Today I have been attending a course by Susan Chritton, hosted by the OD&PL (Organisational Development and Professional Learning) on personal branding. The importance of really thinking about who you are, what are your values and strengths to build an authentic brand, was reflected in almost half the session focusing on those aspects. Other take-aways include considering your emotional attributes and which ones you want to highlight and bring to your personal brand and thinking about the content by asking whether your readers will say 'this is someone I want to work with'.
After a couple of week of on boarding admin and finishing off a big manuscript that has been in the pipeline some 30 years (I'll post a bit on that project soon!), this week is all about getting to know my new team, both at Leeds and in PlioMIP (Pliocene Modelling Intercomparison Project).
This afternoon is the first of two I will have the pleasure of spending getting to know about the other work of ERCs in the PlioMIP. There are some familiar names, with Ran Feng presenting on past terrestrial hydroclimate driven by Earth System Feedbacks and Dan Lunt talking about GMST and polar amplification in the PlioMIP ensemble - results from IPCC, and some new colleagues such as
Julia Tindall, presenting on comparing the PlioMIP2 ensemble to Pliocene proxy data: how good are the models?
One of the interesting questions we need to address in proxy-model mismatch for Arctic amplification of temperature is how to tell if our proxies are bias or if our models are missing or mischaracterising processes in the climate.
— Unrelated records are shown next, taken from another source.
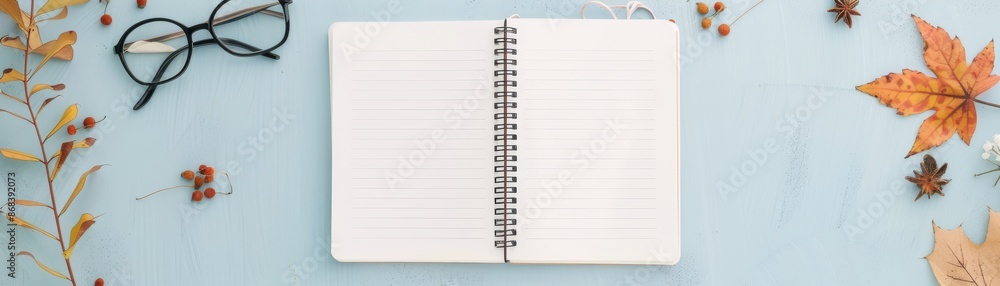 Open blank notebook with dried autumn leaves and eyeglasses on blue background. Ideal for seasonal writing, notes, and creative inspirations. Open blank notebook with dried autumn leaves and eyeglasses on blue background. Ideal for seasonal writing, notes, and creative inspirations.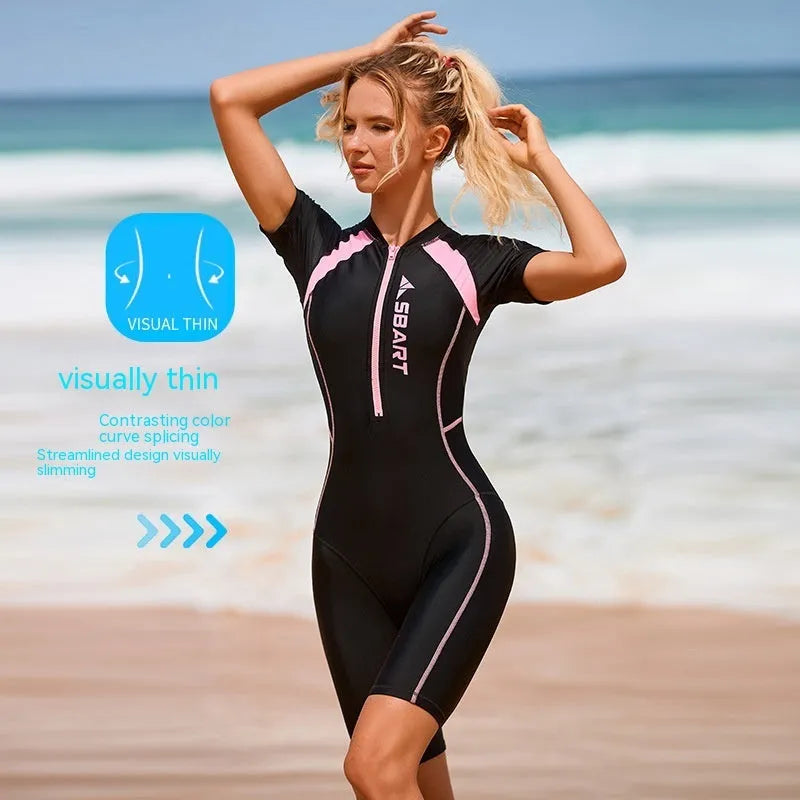 Women's solid colour surf one-piece swimsuit with short sleeves and built-in chest pad.
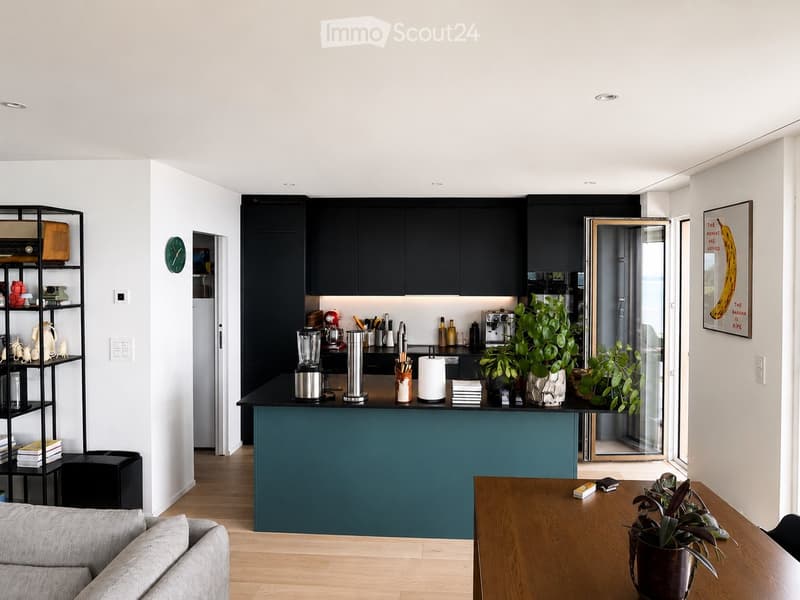 Modern open-plan living and kitchen area with a grey sofa, wooden coffee table, kitchen island, various appliances, and decorative items.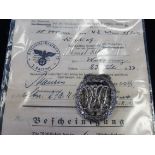 German dvl sports badge in silver with award document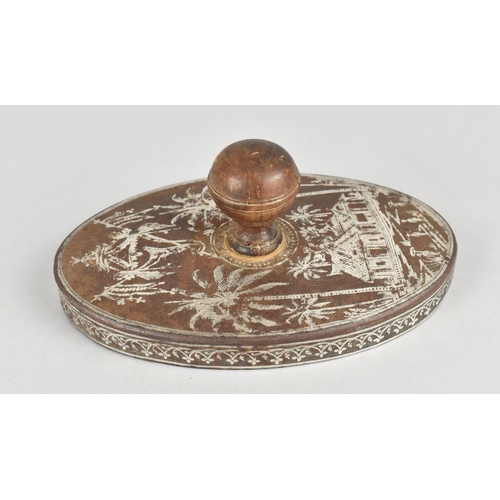 25 - A 19th Century Colonial Oval Press/Stamp with Intricate White Metal Inlay Detailing Hut Scene with P... 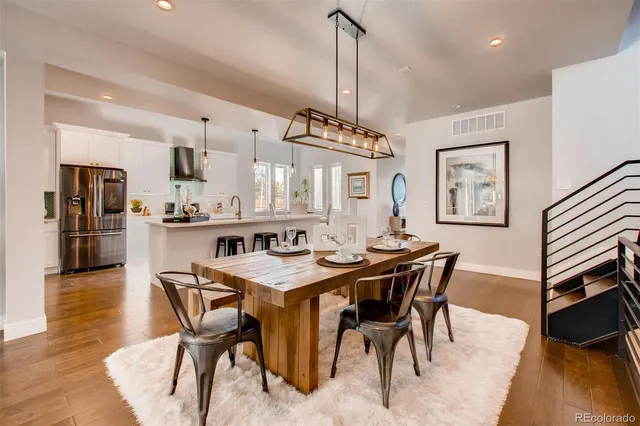 a dining room with stainless steel appliances kitchen island a table and chairs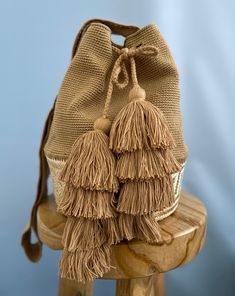 Handmade bag in brown and natural colors. Handmade by Colombian artisans. Eco-friendly Beige Crochet Bucket Bag, Brown Crochet Bucket Bag For Vacation, Bohemian Brown Bucket Bag With Double Handle, Bohemian Pouch Bucket Bag With Leather Handles, Chic Handmade Beige Bucket Bag, Beige Jute Bucket Bag With Adjustable Strap, Bohemian Natural Bucket Shoulder Bag, Chic Beige Handmade Bucket Bag, Everyday Brown Woven Bag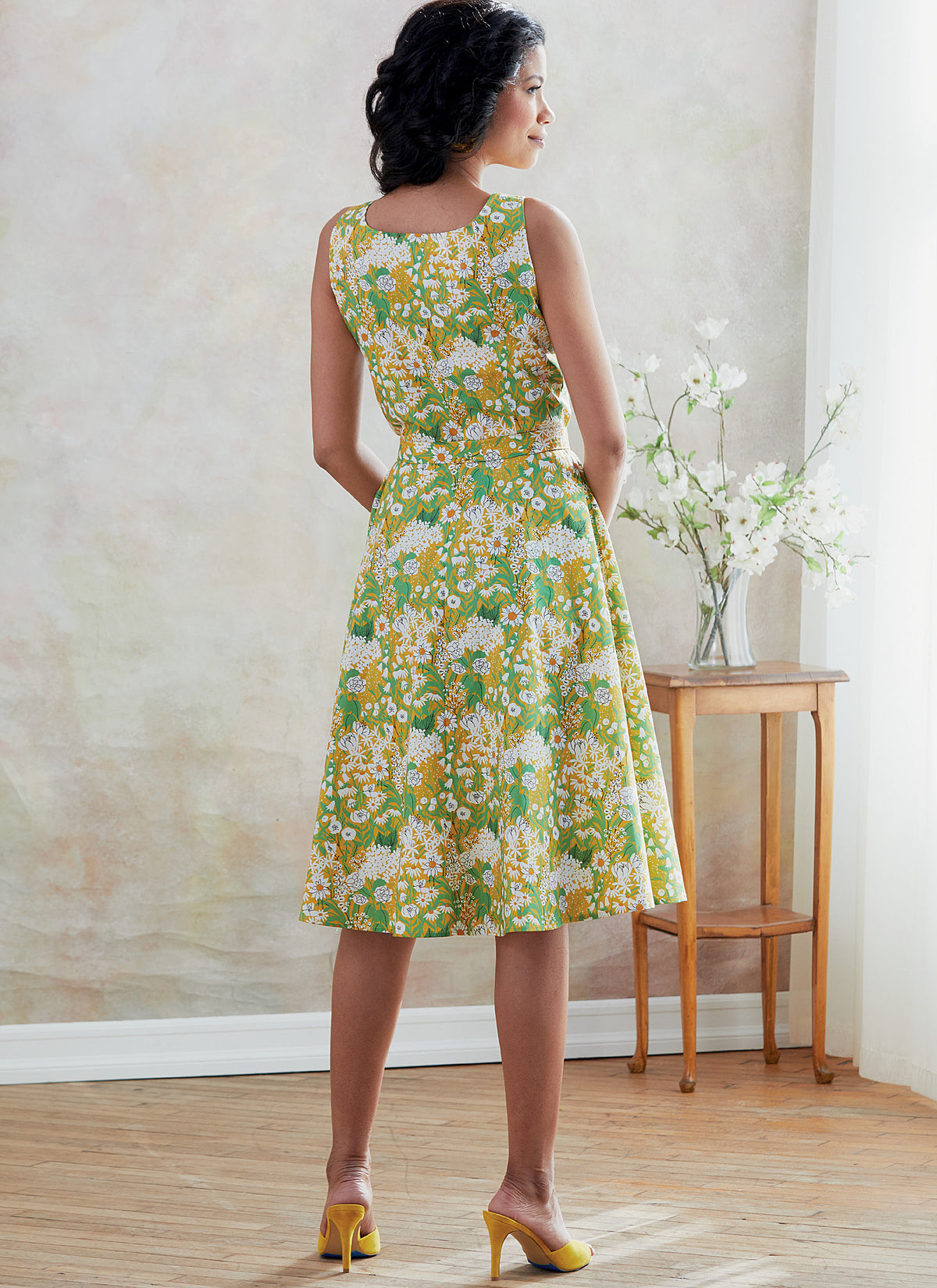 Butterick B6674 sewing pattern envelope showing a close-fitting dress with a sash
In palaeoclimate, best practice is to apply multiple proxies, each with different underlying basis for the relationship to the climate variable of interest, e.g. delta18O of tooth enamel and leaf physiognomy at the same locality to estimate mean annual temperatures. In general, if these agree, and don't contravene the Whitlock Principal of Least Astonishment, we have good confidence in our estimates. And yet all the training data for all our models is based on the modern world - what if our bias comes from the current climate space for which the Pliocene (and future) is not analogous, could this lead to all proxy-schemes being bias in the same way? If a climate variable currently covaries with the 'important' climate variable that is driving the relationship, but is not itself tightly bound to our proxy, this may be true.
A big of all Marie Sklodowska-Curie fellowships is training. For me, that training will be in brushing off and extending my skills in statistical modelling. This will be key to thinking about the mechanics of how our currently proxies work and their potential pitfalls - as well as generating a new proxy for cloud. I am looking forward to getting deep into it in the coming weeks.
This evening I am starting day 2 of the Explorer's Festival with Explorers Symposium: Reflecting on a Year and a Legacy.
"For 133 years, National Geographic has illuminated our world and what it means to be human. To reflect on the past year is to listen intently to voices new and old and to learn from immense change. To reflect on our legacy is to tell stories with an even more expansive audience and to engage in an even deeper exploration of the world. It's an hour and a half of inspiring discovery from across the world."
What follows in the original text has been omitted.